↓↓↓

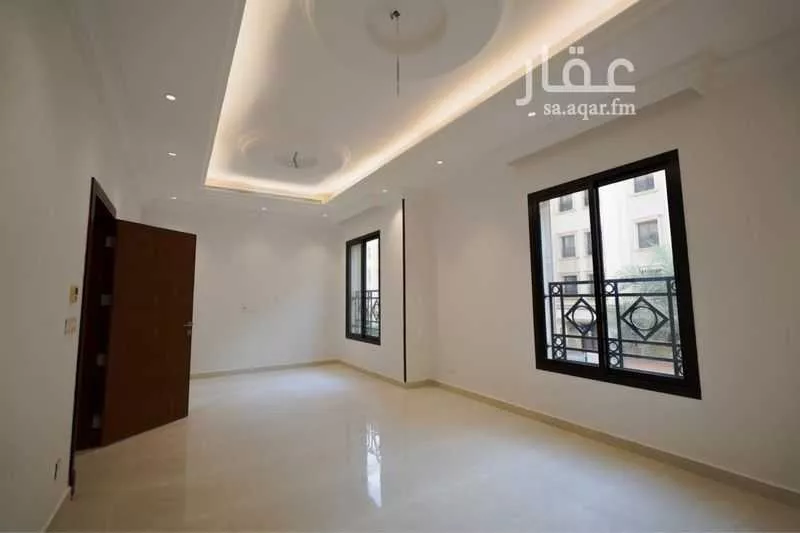 4 bedroom apartment in Al Naseem 8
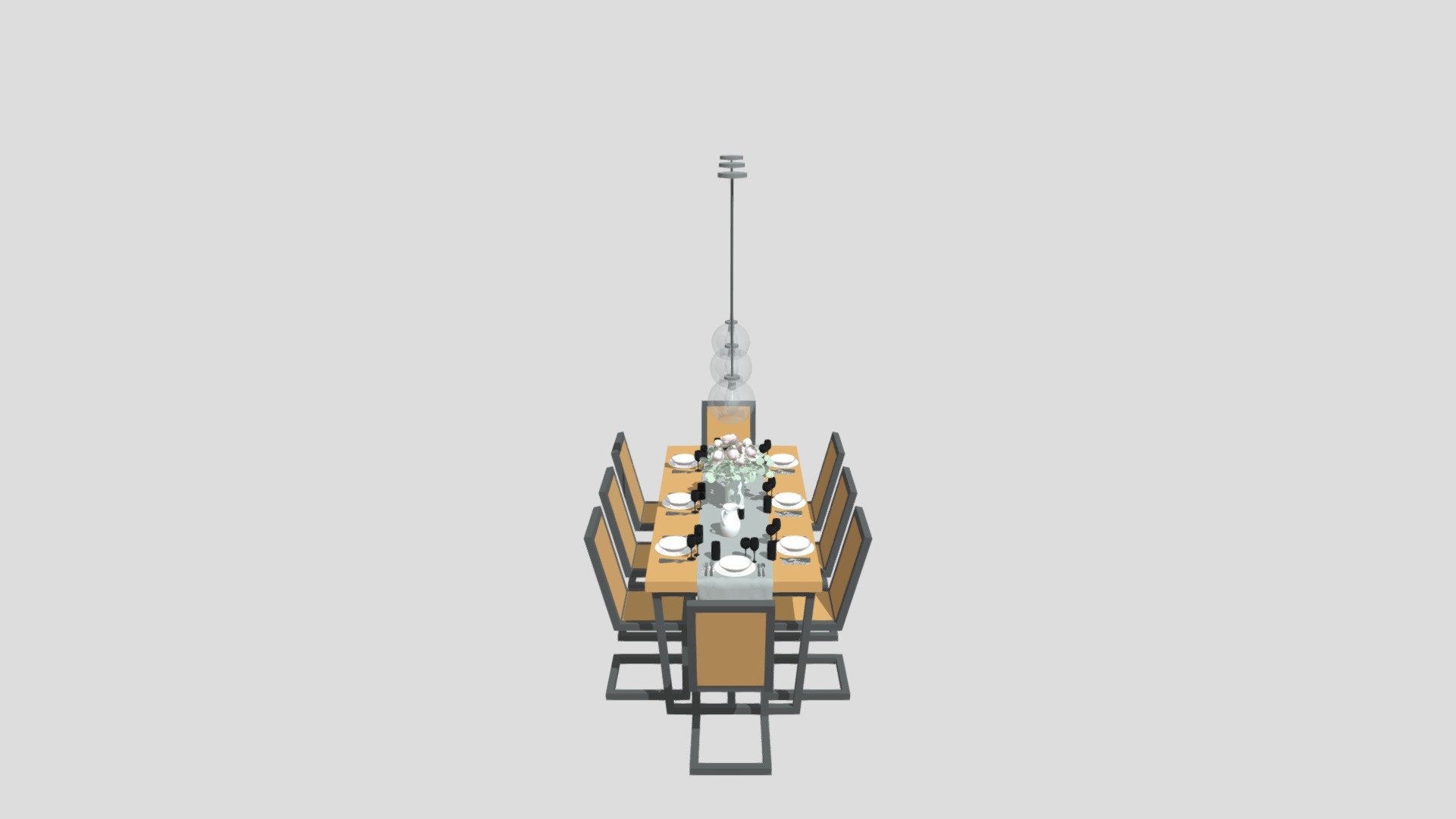 Dining set Loft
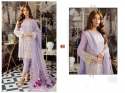 GEORGETTE WITH EMBROIDERY PAKISTANI SUIT DN S-2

↑↑↑

What is expected: The answer should match the material exactly, with every picture removed.

Solved exercise:
 4 bedroom apartment in Al Naseem 8
 Dining set Loft
 GEORGETTE WITH EMBROIDERY PAKISTANI SUIT DN S-2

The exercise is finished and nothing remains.